The Senate Subcommittee on Clean Air, Wetlands, Private Property and Nuclear Safety should oppose the new regulations as expensive and risky, urged Paul Rogers on behalf of Voss Companies, Cuba, Mo., and the trade association NATSO, which represents the nation's travel plaza and truckstop industry.
Under EPA's scheme, sulfur in diesel fuel would be lowered from 500 parts per million to just 15 parts per million beginning in 2006. "NATSO is very concerned that this 97 percent reduction in sulfur content of highway diesel fuel will seriously disrupt the truckstop industry's ability to consistently and reliably acquire highway diesel fuel for sale in our nation's vehicles," Rogers testified.

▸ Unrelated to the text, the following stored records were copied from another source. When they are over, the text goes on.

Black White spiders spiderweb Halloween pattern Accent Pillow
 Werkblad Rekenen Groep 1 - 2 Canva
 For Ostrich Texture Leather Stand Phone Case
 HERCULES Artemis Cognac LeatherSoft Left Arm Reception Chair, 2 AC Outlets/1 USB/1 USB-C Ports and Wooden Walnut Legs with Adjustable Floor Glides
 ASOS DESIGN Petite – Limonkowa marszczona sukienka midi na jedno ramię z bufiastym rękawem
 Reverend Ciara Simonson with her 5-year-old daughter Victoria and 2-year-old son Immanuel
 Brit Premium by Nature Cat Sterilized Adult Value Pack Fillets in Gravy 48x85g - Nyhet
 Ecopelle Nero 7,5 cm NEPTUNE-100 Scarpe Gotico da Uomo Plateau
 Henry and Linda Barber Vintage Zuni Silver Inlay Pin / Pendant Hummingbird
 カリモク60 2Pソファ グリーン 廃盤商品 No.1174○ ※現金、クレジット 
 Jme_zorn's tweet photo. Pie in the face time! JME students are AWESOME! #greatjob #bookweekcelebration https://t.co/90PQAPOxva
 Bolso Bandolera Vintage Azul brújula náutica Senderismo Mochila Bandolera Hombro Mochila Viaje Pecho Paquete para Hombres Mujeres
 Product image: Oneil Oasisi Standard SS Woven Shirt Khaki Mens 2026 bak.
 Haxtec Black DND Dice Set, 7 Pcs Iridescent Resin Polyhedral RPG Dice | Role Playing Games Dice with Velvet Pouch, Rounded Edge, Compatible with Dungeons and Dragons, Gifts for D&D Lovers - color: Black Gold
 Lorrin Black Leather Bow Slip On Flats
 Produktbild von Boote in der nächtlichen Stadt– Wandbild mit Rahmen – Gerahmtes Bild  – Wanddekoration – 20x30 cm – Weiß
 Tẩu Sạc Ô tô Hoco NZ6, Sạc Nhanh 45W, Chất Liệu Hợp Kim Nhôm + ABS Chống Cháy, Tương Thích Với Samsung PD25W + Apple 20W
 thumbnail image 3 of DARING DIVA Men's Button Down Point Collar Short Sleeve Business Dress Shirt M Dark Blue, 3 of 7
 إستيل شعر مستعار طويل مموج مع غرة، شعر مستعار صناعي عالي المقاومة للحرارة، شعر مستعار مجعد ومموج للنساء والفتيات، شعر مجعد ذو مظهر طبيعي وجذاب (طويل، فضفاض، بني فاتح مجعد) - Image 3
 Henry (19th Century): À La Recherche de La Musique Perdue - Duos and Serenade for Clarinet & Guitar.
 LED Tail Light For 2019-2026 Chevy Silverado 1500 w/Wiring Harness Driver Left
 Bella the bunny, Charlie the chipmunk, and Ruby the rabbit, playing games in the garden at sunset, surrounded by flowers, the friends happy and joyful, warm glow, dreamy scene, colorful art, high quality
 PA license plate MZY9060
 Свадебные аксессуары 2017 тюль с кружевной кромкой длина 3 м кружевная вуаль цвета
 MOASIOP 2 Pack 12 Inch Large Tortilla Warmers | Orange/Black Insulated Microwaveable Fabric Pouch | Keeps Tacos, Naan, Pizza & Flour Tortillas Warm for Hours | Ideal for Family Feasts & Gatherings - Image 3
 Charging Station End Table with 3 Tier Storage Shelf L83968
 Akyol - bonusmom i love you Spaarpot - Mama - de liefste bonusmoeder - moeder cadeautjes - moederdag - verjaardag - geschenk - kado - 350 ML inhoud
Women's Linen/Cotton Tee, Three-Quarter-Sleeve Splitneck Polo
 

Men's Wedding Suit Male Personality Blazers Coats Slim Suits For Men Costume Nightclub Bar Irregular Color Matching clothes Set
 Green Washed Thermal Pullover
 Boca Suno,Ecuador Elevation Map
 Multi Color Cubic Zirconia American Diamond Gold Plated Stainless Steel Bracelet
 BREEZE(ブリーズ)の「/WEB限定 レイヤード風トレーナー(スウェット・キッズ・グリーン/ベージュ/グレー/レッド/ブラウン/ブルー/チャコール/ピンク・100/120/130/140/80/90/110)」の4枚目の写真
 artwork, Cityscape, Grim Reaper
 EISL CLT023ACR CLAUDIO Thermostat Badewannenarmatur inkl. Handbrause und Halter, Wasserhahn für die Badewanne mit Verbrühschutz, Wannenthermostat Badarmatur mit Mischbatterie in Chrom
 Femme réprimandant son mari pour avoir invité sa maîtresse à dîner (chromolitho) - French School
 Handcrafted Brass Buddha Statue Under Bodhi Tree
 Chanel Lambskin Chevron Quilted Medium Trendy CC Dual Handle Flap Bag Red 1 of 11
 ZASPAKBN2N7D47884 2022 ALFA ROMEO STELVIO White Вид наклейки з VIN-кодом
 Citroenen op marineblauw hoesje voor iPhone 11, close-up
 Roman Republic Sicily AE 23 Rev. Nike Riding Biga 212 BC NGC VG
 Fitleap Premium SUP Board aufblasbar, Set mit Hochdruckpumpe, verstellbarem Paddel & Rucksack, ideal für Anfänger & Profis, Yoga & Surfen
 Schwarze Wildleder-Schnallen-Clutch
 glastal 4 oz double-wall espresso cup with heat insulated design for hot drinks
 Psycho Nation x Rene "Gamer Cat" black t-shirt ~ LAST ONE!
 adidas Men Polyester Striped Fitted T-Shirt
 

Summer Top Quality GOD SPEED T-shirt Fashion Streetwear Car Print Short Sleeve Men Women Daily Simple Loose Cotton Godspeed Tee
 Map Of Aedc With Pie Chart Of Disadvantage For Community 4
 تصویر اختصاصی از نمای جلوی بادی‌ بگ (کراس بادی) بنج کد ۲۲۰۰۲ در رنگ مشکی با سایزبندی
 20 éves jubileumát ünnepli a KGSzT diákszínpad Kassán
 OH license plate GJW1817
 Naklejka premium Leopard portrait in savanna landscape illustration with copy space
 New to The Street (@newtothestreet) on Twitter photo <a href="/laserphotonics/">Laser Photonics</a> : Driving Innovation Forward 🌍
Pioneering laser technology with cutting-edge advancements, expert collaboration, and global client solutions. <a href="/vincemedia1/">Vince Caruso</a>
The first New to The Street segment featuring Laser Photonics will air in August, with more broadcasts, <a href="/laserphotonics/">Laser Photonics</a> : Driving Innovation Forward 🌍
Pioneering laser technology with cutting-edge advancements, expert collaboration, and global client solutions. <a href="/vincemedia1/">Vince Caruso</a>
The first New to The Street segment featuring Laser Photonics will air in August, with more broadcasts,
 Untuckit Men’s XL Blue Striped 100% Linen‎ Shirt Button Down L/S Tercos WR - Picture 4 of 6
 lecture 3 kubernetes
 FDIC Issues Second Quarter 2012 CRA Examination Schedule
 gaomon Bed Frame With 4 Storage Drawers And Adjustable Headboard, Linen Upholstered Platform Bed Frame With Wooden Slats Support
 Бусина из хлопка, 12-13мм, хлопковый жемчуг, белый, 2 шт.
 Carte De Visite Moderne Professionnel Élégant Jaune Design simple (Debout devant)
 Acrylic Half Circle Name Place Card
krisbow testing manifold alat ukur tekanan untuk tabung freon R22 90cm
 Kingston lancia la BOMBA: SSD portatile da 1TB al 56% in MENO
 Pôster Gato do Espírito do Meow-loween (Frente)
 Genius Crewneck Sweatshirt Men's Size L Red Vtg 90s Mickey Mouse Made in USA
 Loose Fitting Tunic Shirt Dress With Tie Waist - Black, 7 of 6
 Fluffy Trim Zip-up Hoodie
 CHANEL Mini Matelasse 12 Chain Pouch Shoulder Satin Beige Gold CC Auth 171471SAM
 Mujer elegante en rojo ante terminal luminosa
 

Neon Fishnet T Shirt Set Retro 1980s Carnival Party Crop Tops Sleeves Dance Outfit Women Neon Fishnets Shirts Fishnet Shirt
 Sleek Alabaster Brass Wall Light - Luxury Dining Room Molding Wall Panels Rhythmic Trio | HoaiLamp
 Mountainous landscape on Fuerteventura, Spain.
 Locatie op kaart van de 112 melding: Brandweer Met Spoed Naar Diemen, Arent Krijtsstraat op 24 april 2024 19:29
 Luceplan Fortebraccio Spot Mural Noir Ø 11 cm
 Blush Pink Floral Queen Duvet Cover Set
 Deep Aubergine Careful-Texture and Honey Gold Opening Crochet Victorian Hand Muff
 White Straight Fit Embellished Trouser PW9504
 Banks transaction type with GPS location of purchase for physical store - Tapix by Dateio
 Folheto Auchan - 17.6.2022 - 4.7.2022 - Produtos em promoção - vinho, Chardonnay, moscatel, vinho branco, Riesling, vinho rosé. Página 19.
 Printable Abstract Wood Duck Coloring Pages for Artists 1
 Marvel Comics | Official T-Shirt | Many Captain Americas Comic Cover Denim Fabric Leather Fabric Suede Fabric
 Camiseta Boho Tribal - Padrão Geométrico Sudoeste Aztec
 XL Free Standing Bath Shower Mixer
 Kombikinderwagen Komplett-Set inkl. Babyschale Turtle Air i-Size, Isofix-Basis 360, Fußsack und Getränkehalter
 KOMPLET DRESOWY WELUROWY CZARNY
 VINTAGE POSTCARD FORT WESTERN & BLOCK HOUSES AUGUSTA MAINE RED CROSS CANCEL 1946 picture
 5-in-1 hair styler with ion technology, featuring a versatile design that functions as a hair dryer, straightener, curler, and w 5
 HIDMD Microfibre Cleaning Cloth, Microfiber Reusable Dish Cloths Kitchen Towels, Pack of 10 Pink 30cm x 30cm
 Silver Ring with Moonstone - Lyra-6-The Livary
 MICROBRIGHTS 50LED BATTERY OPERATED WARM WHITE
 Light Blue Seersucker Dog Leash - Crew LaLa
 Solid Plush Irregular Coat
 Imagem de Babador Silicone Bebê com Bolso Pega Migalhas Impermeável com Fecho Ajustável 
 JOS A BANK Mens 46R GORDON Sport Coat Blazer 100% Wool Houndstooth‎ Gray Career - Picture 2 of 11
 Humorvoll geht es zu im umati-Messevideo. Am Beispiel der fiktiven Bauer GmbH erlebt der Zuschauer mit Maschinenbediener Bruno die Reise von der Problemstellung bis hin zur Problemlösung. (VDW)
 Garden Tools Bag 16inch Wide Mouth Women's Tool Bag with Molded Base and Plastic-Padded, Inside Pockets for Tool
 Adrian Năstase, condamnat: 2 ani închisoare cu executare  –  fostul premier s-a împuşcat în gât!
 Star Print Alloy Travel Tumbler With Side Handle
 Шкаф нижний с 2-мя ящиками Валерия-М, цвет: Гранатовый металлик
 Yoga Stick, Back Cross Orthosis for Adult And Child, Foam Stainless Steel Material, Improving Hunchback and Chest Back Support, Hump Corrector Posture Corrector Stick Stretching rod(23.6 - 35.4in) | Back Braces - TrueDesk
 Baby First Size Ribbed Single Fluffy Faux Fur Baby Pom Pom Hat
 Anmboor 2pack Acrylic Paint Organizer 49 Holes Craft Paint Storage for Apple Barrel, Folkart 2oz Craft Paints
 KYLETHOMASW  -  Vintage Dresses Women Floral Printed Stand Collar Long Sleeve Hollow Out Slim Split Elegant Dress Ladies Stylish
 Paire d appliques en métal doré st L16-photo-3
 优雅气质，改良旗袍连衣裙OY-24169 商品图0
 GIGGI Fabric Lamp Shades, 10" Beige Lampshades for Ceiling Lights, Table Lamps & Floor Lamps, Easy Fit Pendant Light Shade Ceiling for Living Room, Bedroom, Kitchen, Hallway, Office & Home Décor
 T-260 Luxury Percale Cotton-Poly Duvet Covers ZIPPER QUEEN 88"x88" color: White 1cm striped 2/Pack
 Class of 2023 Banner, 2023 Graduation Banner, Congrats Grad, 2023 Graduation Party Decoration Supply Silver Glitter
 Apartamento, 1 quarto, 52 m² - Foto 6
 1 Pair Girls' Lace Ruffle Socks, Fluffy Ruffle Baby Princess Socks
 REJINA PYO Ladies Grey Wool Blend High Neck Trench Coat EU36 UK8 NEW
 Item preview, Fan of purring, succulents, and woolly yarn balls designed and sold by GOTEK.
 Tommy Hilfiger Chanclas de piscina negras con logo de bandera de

Not only will the EPA-proposed fuel cost more, it will not result in significant air quality gains when compared with the industry's proposal, NATSO claims. That's because the industry's proposal would cut sulfur almost as much. NATSO and the rest of the petroleum industry have voiced their support for a 90 percent reduction in sulfur levels to 50 parts per million, Rogers went on to say.
The worst effect on fuel retailers could actually come sooner than 2006 if EPA adopts its proposal to phase in the new fuel. Such a phase-in would force travel plaza operators to temporarily handle, segregate and sell two separate grades of highway diesel fuel -- a costly proposal.
"The introduction of a second grade of diesel could therefore force many truckstop operators out of business, and have the additional effect of further reducing diesel fuel supply."